The same applies to controlled residential ventilation and heat pump combinations. You then also have a lock-in to one manufacturer, and in case of a defect, you can no longer freely decide. Personally, I would choose storage, controlled residential ventilation, and heat pump so that all three can be replaced independently of each other.

Otherwise, you should prefer monoblock units for heat pumps. For IDM, it could be a split unit. AI would also be a candidate for good heat pumps. And as already mentioned, a geothermal heat pump with a trench collector generally performs best in terms of cost/benefit IMHO.

Regarding exhaust air heat pumps. Well, physics can’t be tricked. After the cross-counterflow heat exchanger, the exhaust air is at outdoor temperature. But the air volume compared to a proper air heat pump is so low that, to extract the same amount of heat from the air, the exhaust air must be cooled maybe 15 K below the outdoor temperature. A proper air heat pump, in comparison, probably only has to provide about 2 K of cooling capacity to extract the same amount of heat from the air. That easily makes a difference of 30% in the COP.

Regards, Nika
 

GSGaucho

2020-04-20 10:11:58
  • #5
In the meantime, I have dealt a bit more with the subject.
The LWZ Premium from Stiebel Eltron up for selection has an extra supply and return connection for solar thermal. That means, through a pump circuit, warm water is taken from the upper heat exchanger of the buffer heated exclusively by the wood stove and fed to the heat pump. The heat pump transfers this heat regulated via an internal heat exchanger into the supply line to the compressor.
So, for a target supply temperature of the heating circuit of e.g. 30°, already 30° are fed into the circuit before the actual heat pump system.

The pump from the buffer is controlled by the heat pump. Optionally, a manual mixer can be integrated here to keep the supply at the solar thermal connection of the heat pump within limits. Via a temperature sensor in the upper part of the buffer, the heat pump receives the instruction to switch to solar thermal and to operate the circulation pump.

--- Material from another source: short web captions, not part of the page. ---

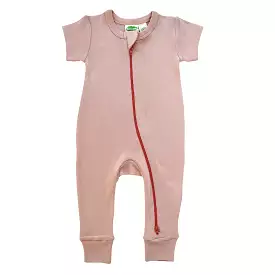 Parade Organics Pale Pink 2-Way Zip Short Sleeve Romper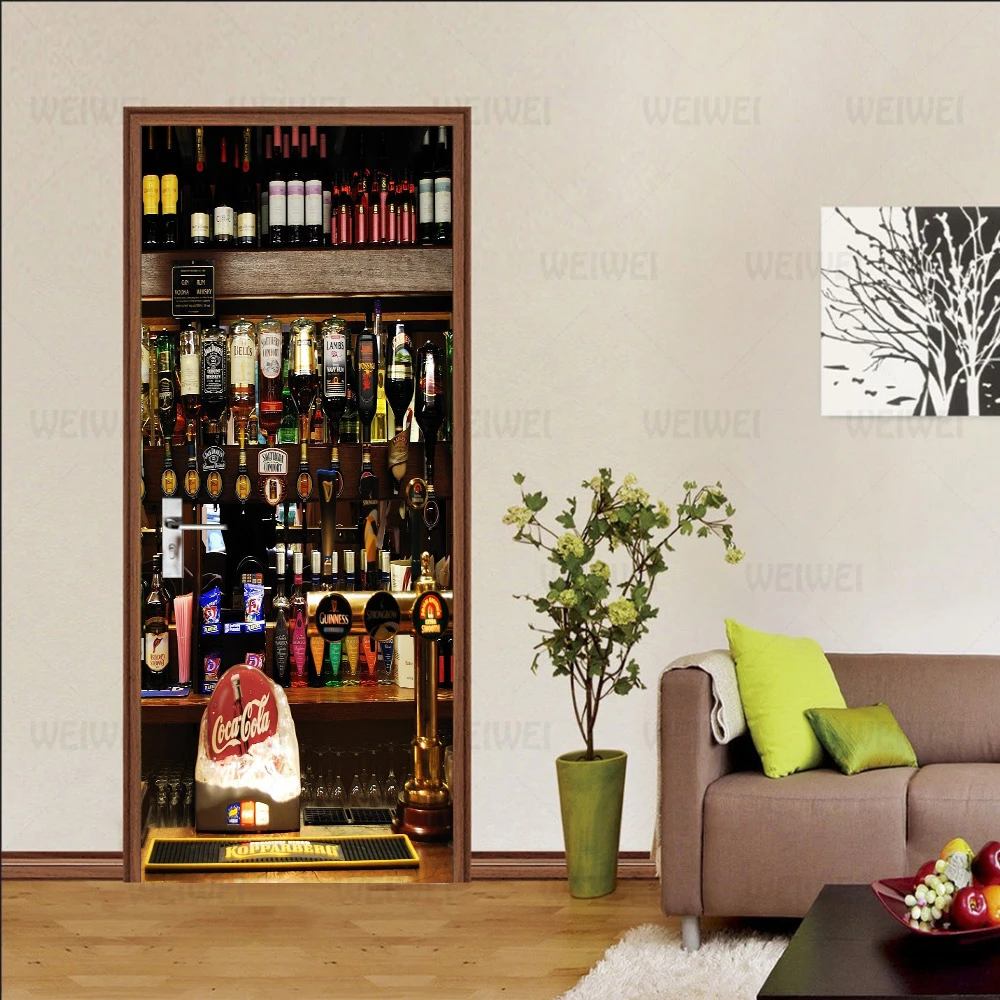 Самодельные 3D наклейки на дверь красное вино Настенная роспись художественные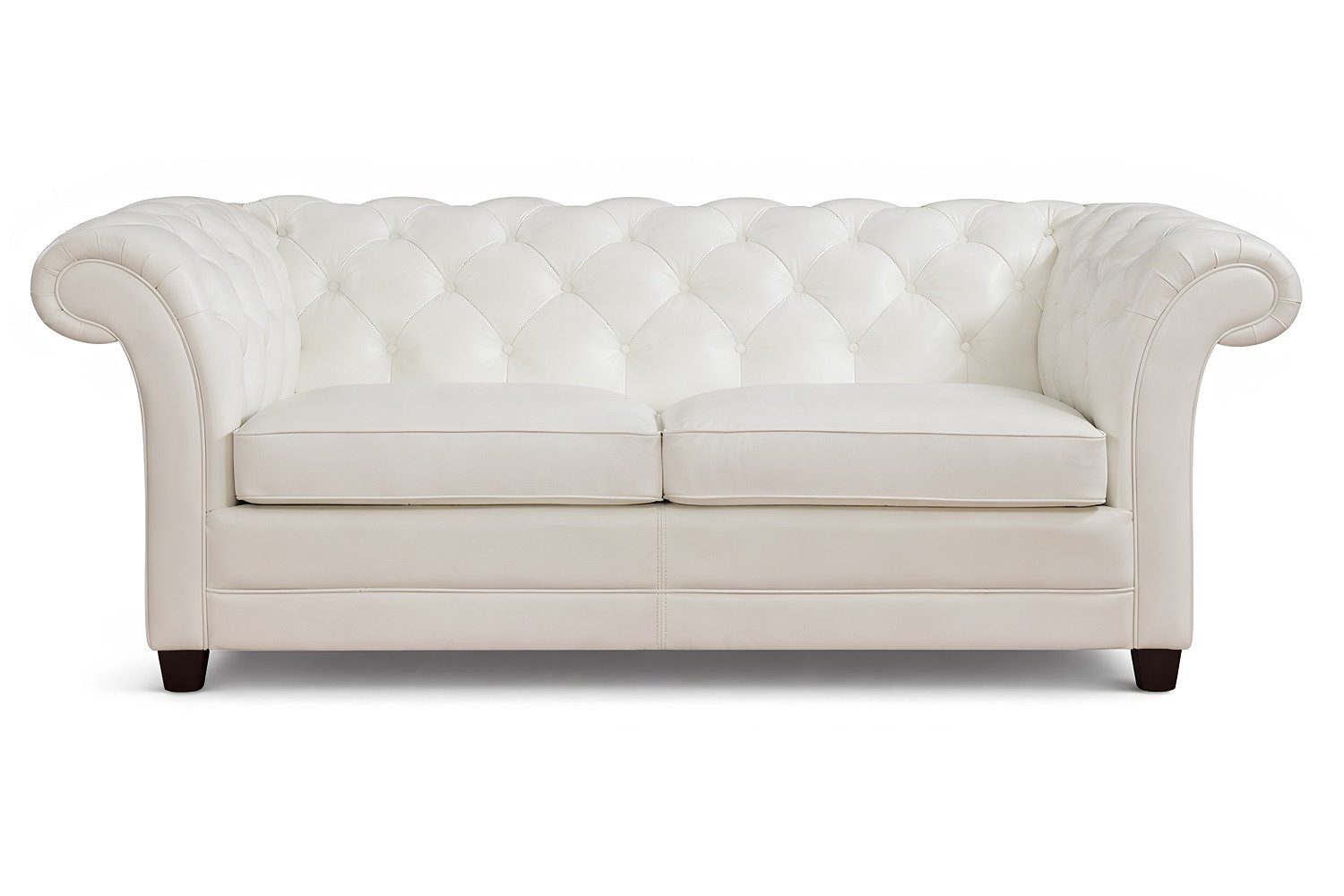 JVmoebel Chesterfield-Sofa Elegantes Chesterfield 2-Sitzer Sofa aus Leder in Weiß Sofort, 1 Teile, Made in Europa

For heating the internal domestic hot water buffer, the energy is also taken from the controlled internal heat exchanger, only with higher internal supply temperatures.

Where is the catch now?
 

neo-sciliar

2020-08-27 13:07:00
  • #6
Hi,

we currently have a heat pump (but a brine-water heat pump) and a water-guided stove and ST But that has grown historically (house was bought). I would never build something like that. In fact, as already described, NT and HT heating systems don't really fit well together. It took 3 winters until I had the hydraulics set up so that it works well together. And that only because a friend is HB and I enjoy it. ........

I read something here about flow temperatures... are the NIBE flow controlled? I have an AiT, which is return flow controlled...... just out of interest.

What exactly is the DIFFERENCE between Monoblock and Split air-water heat pump? Does the Monoblock not have an outdoor unit? How is that supposed to work?